Once a year I and some like minded friends gather deep in the woods of north Alabama for a Spiritual retreat. It takes place at a beautiful camp belonging to a religious denomination in possession of a great deal more certainty than we ragtag band of spiritual vagabonds. The woods and even the very walls of the buildings seem to radiate with the patina of decades of spiritual pursuit.
As we turn into the drive the world begins to fall away. Our worries, our hopes, our struggles get out of the car and step away. They will be waiting for us as we go out on Sunday, but they will seem smaller somehow and harder to see. But for now, we are lighter by the minute.
We drop our bags and head into the woods. Soon there are no man-made sounds save the crunch of leaves under our feet. We follow the music of the wind in the trees and the songs of birds. We descend into a canyon and stand for a time in silence surrounded by boulders left there by glaciers. It has been a dry summer and a small creek barely trickles into a pool made in the rock with a few minnows swimming lethargically.
We hike back out and the rest of our friends are there, some we saw last week, some not since last year. There are hugs, laughter and a dozen conversations at once. We eat, we laugh, we study, we meditate.
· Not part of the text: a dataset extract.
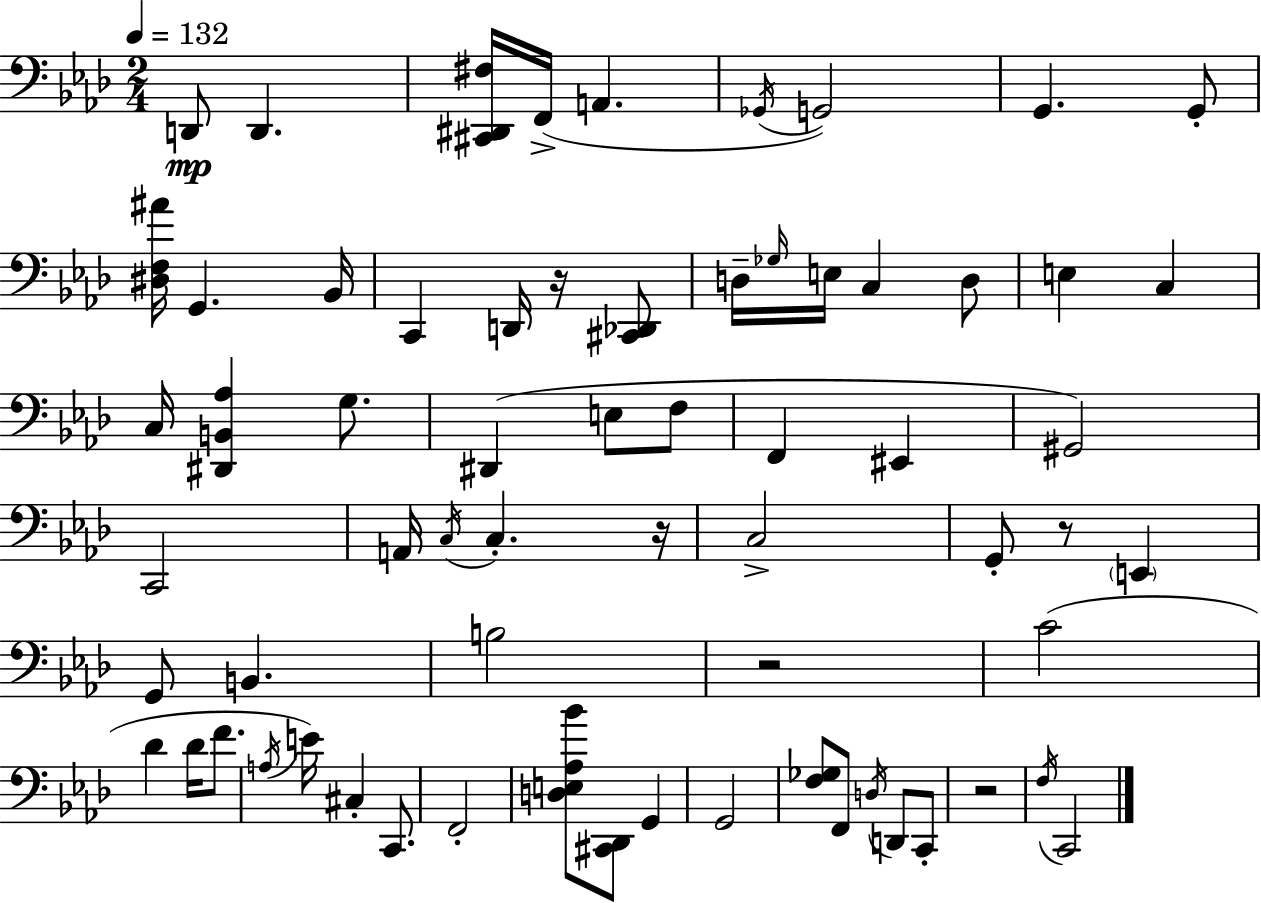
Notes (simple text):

D2/e D2/q. [C#2,D#2,F#3]/s F2/s A2/q. Gb2/s G2/h G2/q. G2/e [D#3,F3,A#4]/s G2/q. Bb2/s C2/q D2/s R/s [C#2,Db2]/e D3/s Gb3/s E3/s C3/q D3/e E3/q C3/q C3/s [D#2,B2,Ab3]/q G3/e. D#2/q E3/e F3/e F2/q EIS2/q G#2/h C2/h A2/s C3/s C3/q. R/s C3/h G2/e R/e E2/q G2/e B2/q. B3/h R/h C4/h Db4/q Db4/s F4/e. A3/s E4/s C#3/q C2/e. F2/h [D3,E3,Ab3,Bb4]/e [C#2,Db2]/e G2/q G2/h [F3,Gb3]/e F2/e D3/s D2/e C2/e R/h F3/s C2/h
There are moments of connection, big and small, as we walk the trails or rock on the porch.
I lay down for a nap on Saturday, but there is a serious card game going on in the other room. I am pulled back to consciousness by the sound of my friends’ laughter. I open my eyes in the twilight and inside I am perfectly still.
On Sunday we load our cars, hug our hugs, our minds already beginning to think of the things we left at the entrance. But we go back to our lives more peaceful versions of ourselves.
My mind goes back to the canyon. As we stood in that place as old as time, my friend bent down and gently brushed away a clump of leaves. And what had been a trickle of clear water became a gush and flowed over the rocks into the little pool. The minnows began to swim around, their tails moving faster and faster on the rising tide of hope.